## EXERCISE PROMPT
Exactly and only the lines below from the one containing "ThermoPro TP49-6 Kleines" down to the one containing "Christ-Emmanuel Faitout Maouassa" are wanted, both included; please exclude every picture.

## EXERCISE DATA
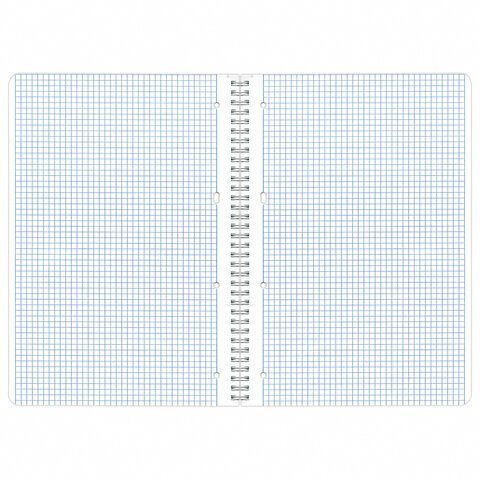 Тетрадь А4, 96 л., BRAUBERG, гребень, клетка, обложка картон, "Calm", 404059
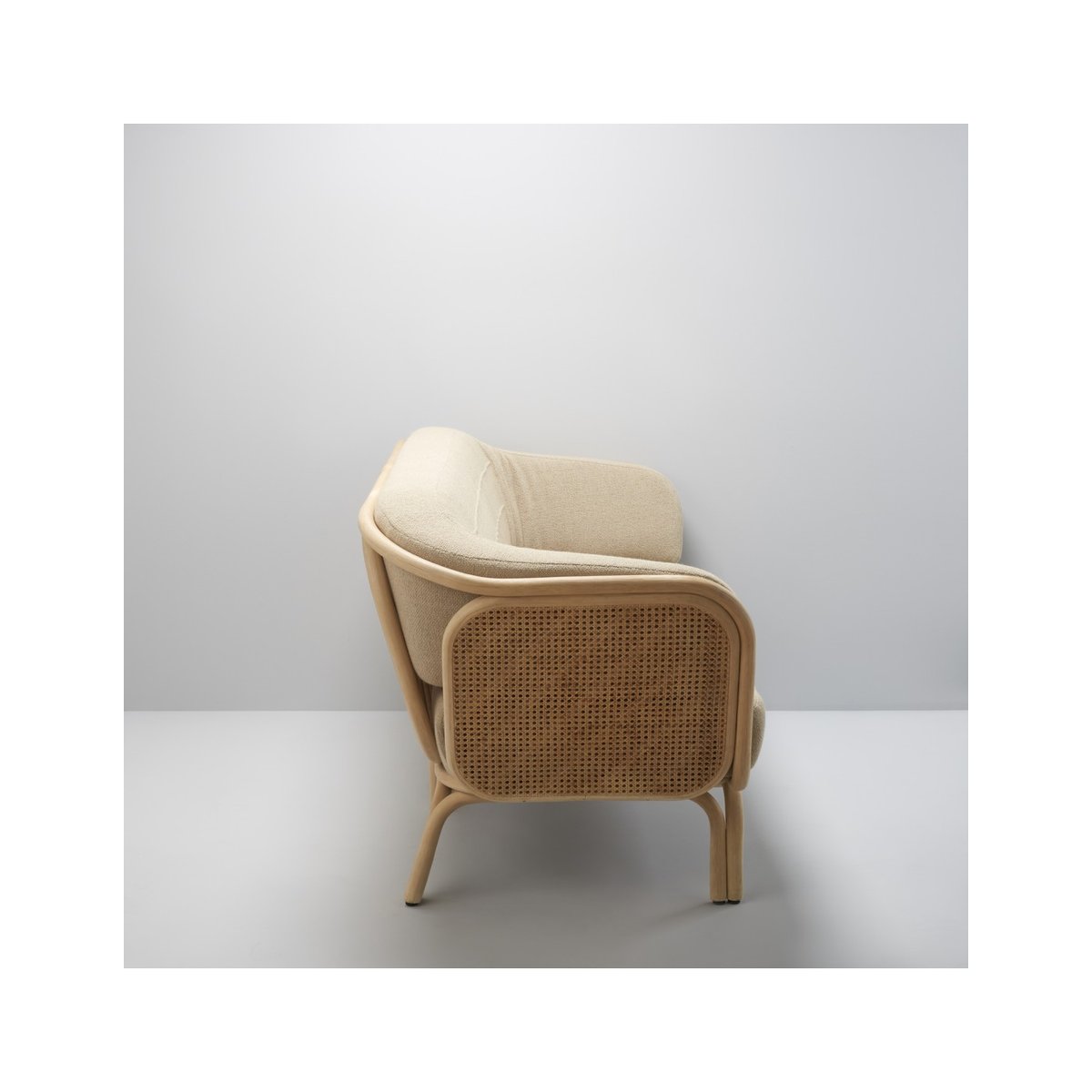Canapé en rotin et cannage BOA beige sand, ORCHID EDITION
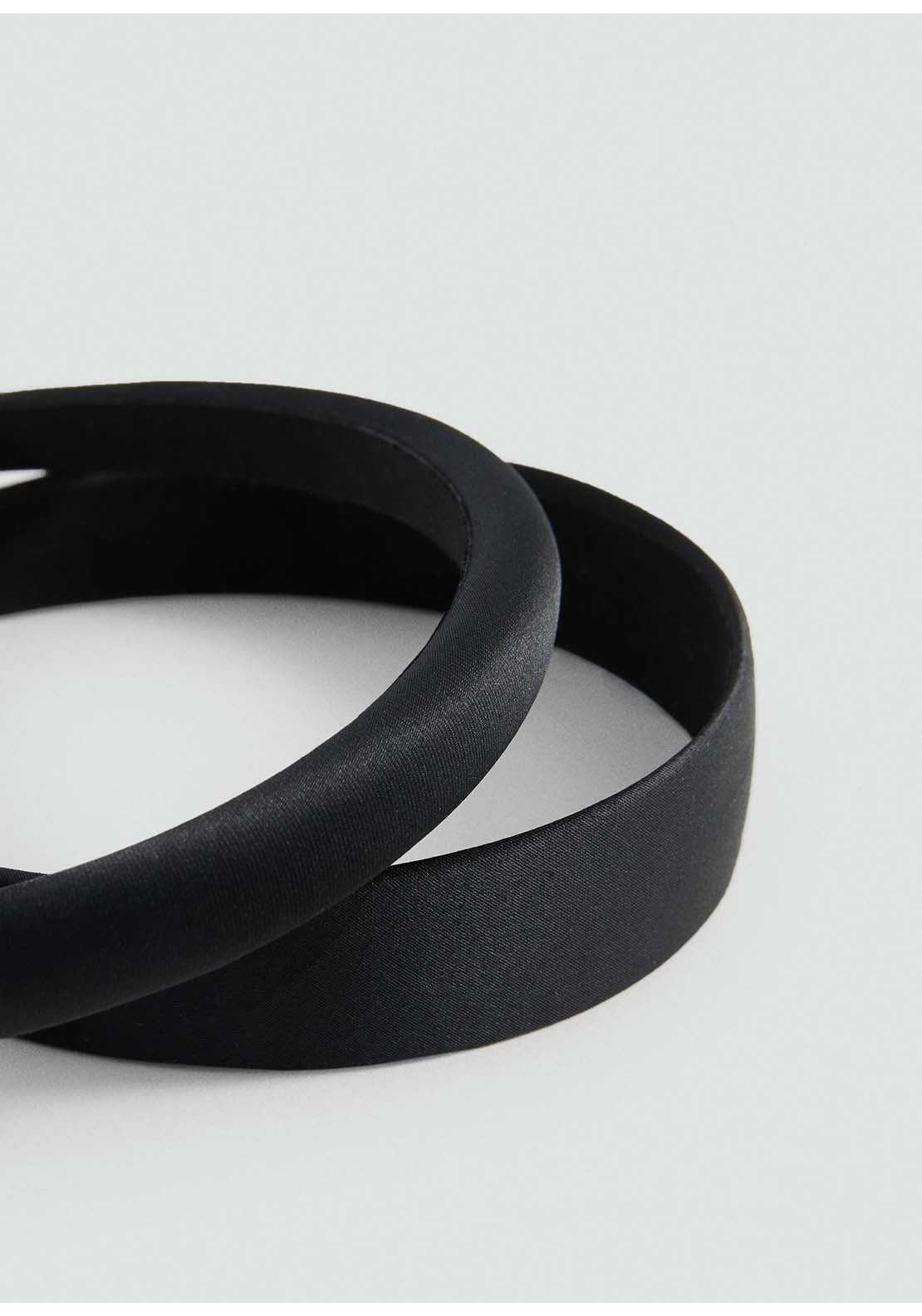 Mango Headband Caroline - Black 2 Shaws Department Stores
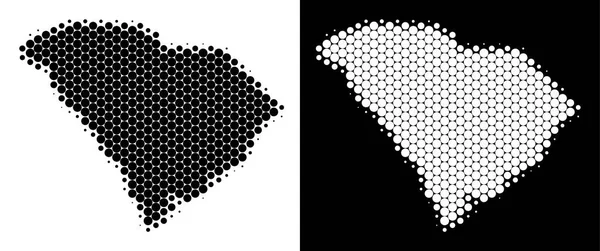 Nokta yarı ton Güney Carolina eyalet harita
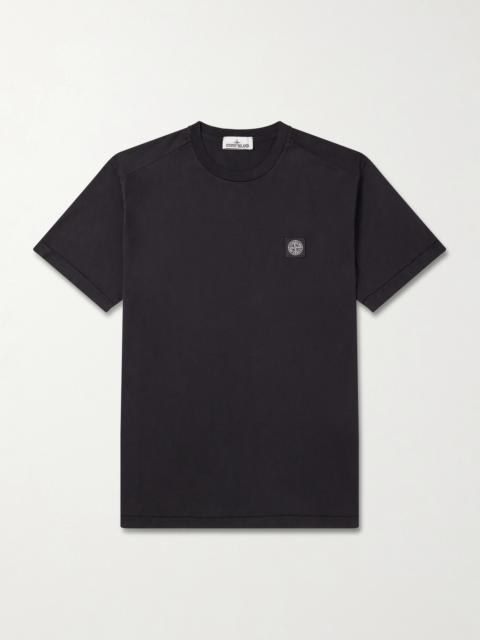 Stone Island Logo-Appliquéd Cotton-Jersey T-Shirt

==

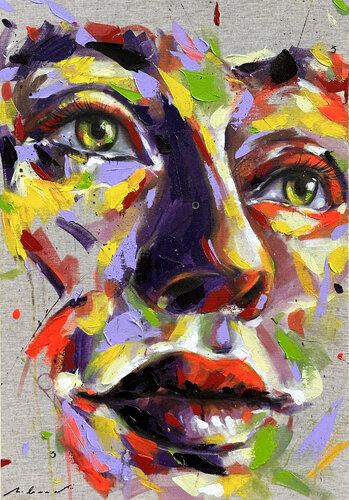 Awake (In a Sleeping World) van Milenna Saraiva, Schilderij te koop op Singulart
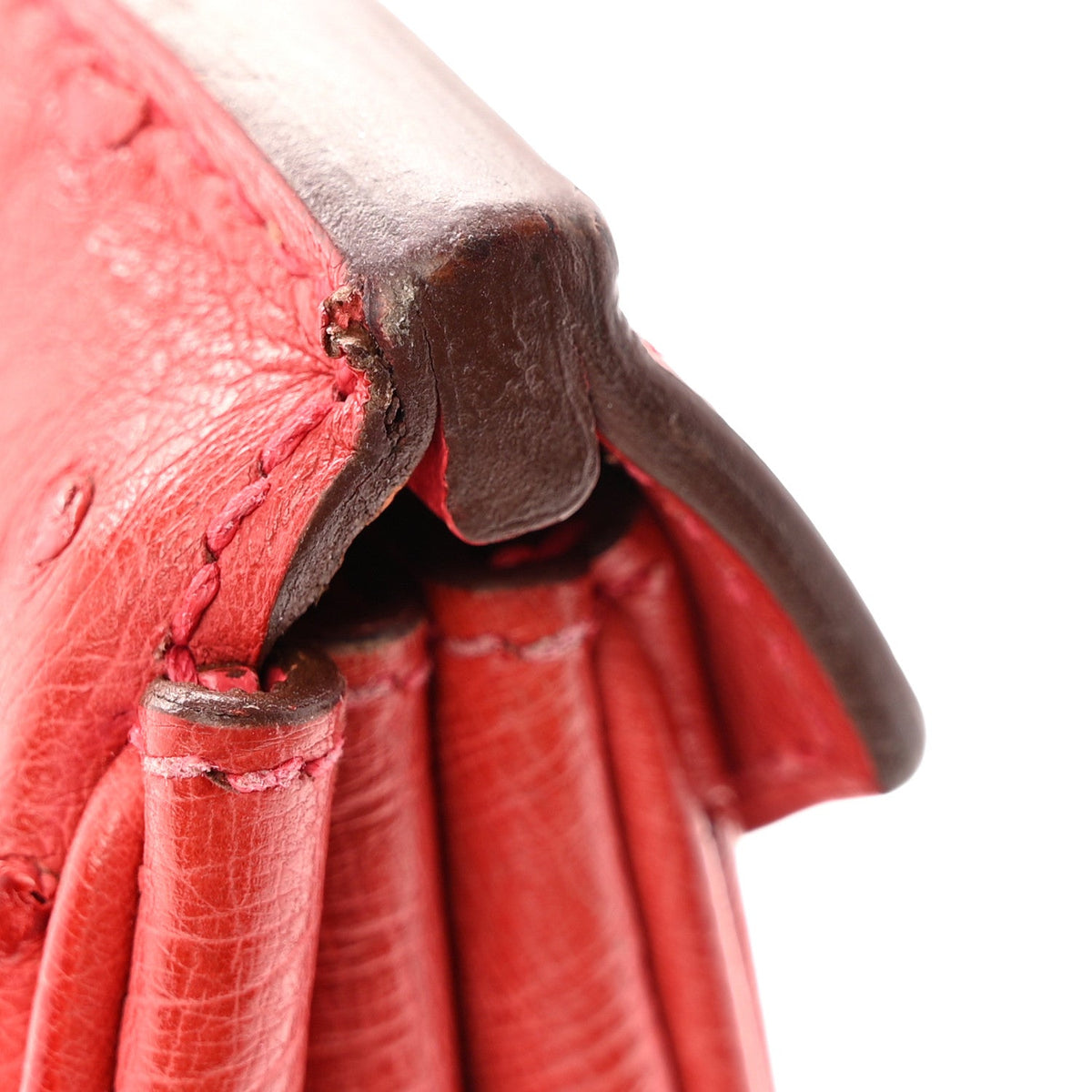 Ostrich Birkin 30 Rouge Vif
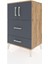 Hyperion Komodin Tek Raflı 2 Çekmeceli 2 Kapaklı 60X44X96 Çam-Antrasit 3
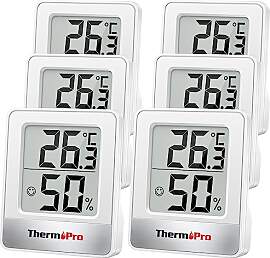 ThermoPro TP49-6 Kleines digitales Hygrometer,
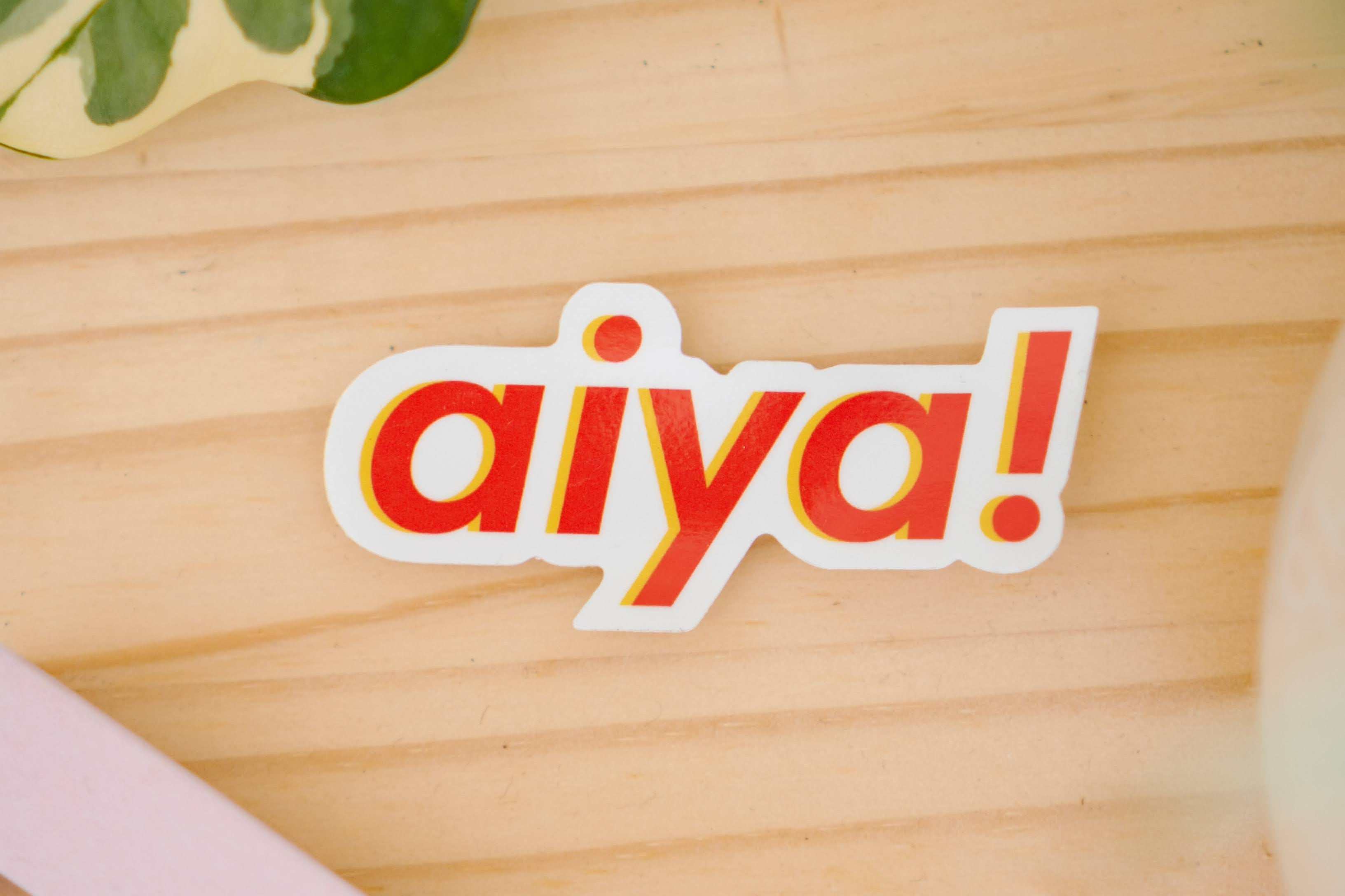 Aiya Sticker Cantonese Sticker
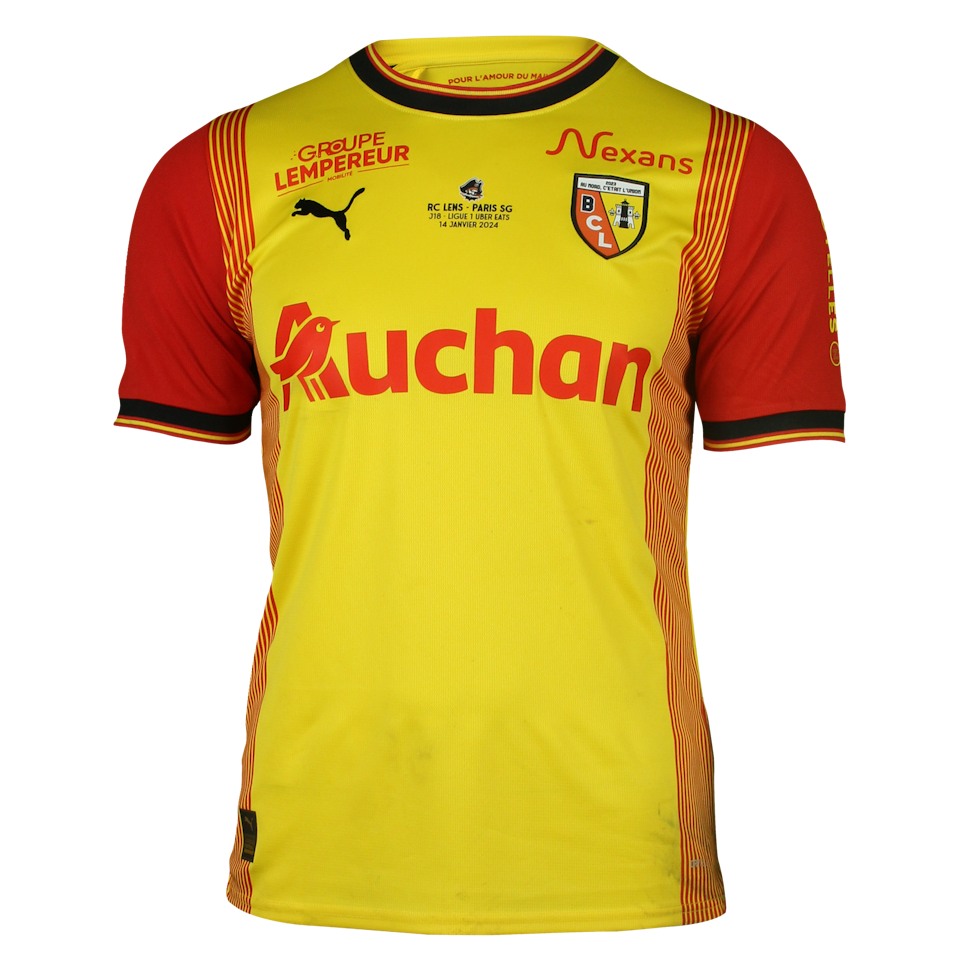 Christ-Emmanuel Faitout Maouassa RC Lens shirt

## EXPECTED ANSWER
 ThermoPro TP49-6 Kleines digitales Hygrometer,
 Aiya Sticker Cantonese Sticker
 Christ-Emmanuel Faitout Maouassa RC Lens shirt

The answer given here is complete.